JUNEAU (AP) The head of the Alaska Natural Gas Development Authority will ask lawmakers for $3 million to push ahead with work on a state-owned gas pipeline and liquefied natural gas facility.
Harold Heinze, chief executive officer for the authority, said the state needs to take action before the Legislature returns in January.
The authority, which was created by voter initiative last November, is seeking money to complete cost estimates and a marketing plan for a pipeline from the North Slope to Valdez.
Already, the Murkowski administration has said it is in no rush to find the money. But Heinze plans to appeal to separate House and Senate committees meeting in the interim.
Heinze plans to testify before the Senate Resources Committee when it meets in Anchorage on Wednesday.
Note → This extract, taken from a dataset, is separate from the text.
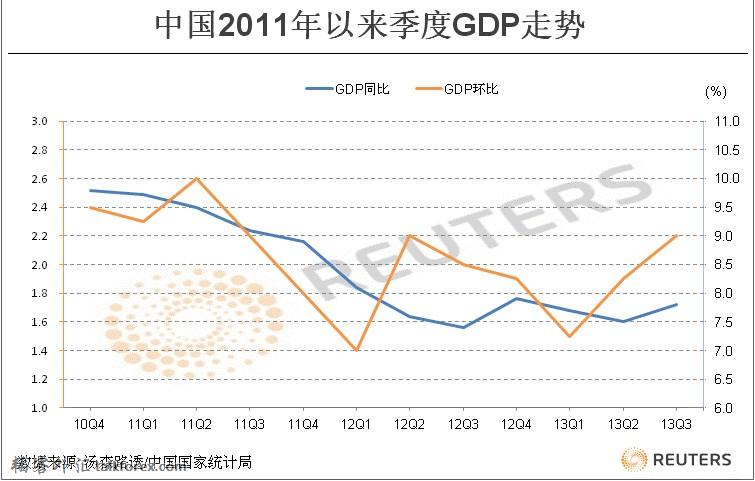 QQ截图20140102163354.jpg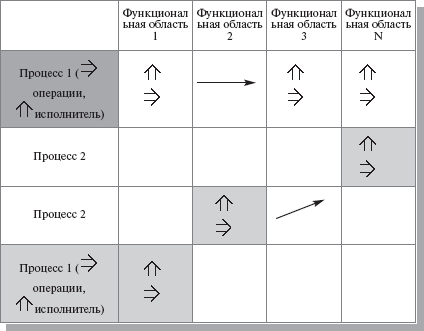 Инструментальные средства организационного моделирования - student2.ru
The House Finance Committee will meet Thursday.
Before the billion dollar pipe-line is even constructed, the authority has said it has a potential customer for the natural gas.
Sempra Energy of San Diego is working with the Mexican government to construct a liquefied natural gas terminal in Baja California.
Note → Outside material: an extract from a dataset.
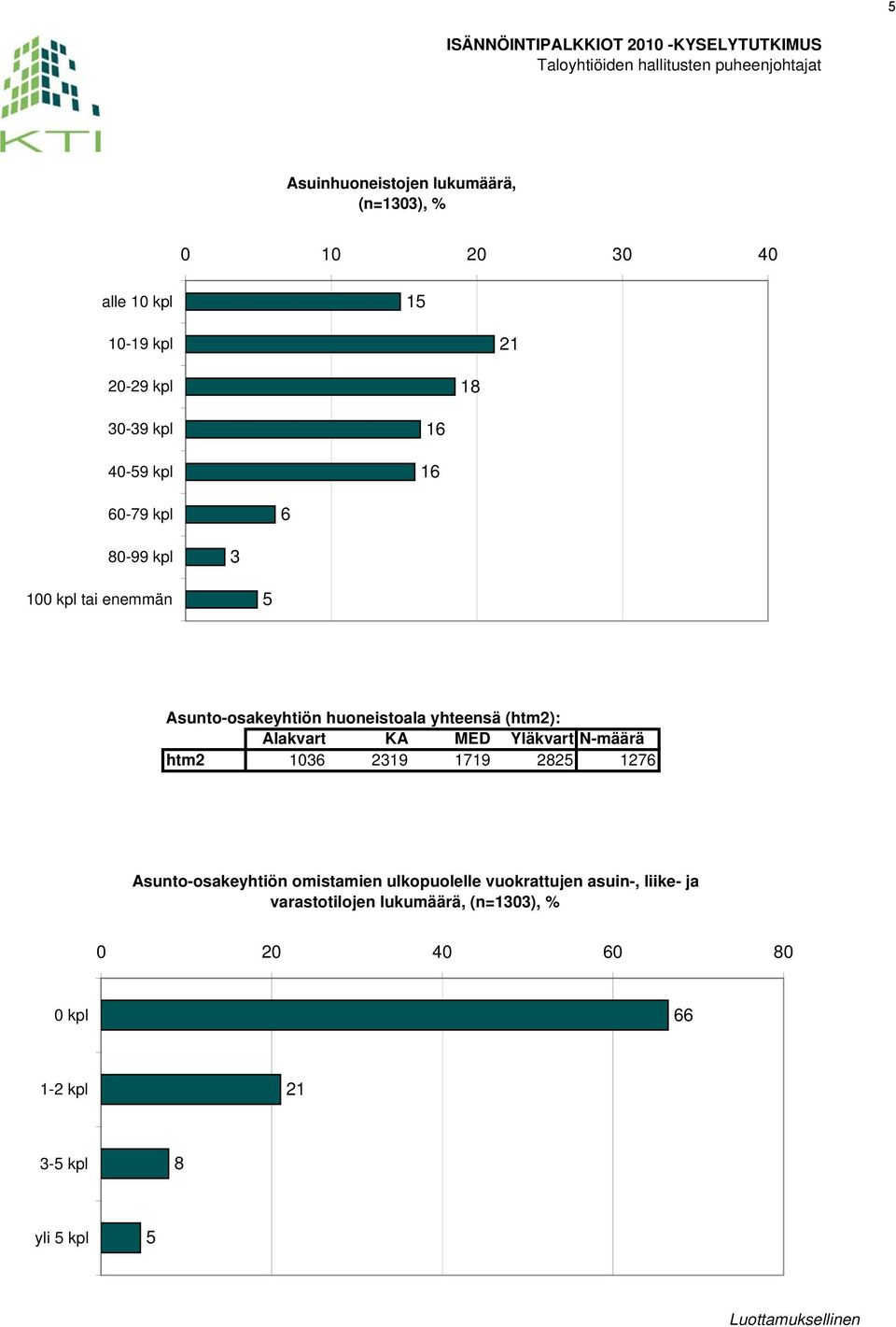 Alakvart KA MED Yläkvart N-määrä htm2 1036 2319 1719 2825 1276 Asunto-osakeyhtiön omistamien ulkopuolelle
The firm is talking to Alaska as a possible supplier and would require a billion cubic feet of gas per day. Heinze has said the Sempra project would provide Alaska marketers with strong opportunities.
''We have to work in a timely fashion'' if Alaska is going to convince buyers that it can deliver liquefied natural gas to proposed U.S. West Coast terminals by the time of their expected openings starting in 2007-08, Heinze told the Petroleum News.
The authority voted recently to request up to $3 million in additional state funding immediately to prepare estimates for the project.
If the project is feasible, the authority would ask lawmakers and the Murkowski administration for between $100 million and $200 million for design work, Heinze said.
The Murkowski administration said Heinze's request is moot until lawmakers return in January.
''The general fund money is not available because the process does not allow it to be available,'' said Steve Porter, deputy commissioner for the state Department of Revenue.
But if a majority of the Legislature supports the request, Heinze may seek other funding alternatives such as loans, he said.
The authority can issue bonds and accept loans from state, federal or private funding sources. But the state is not responsible for its debt.
''If there is a body of will out there to do this, we can find the money,'' Heinze said.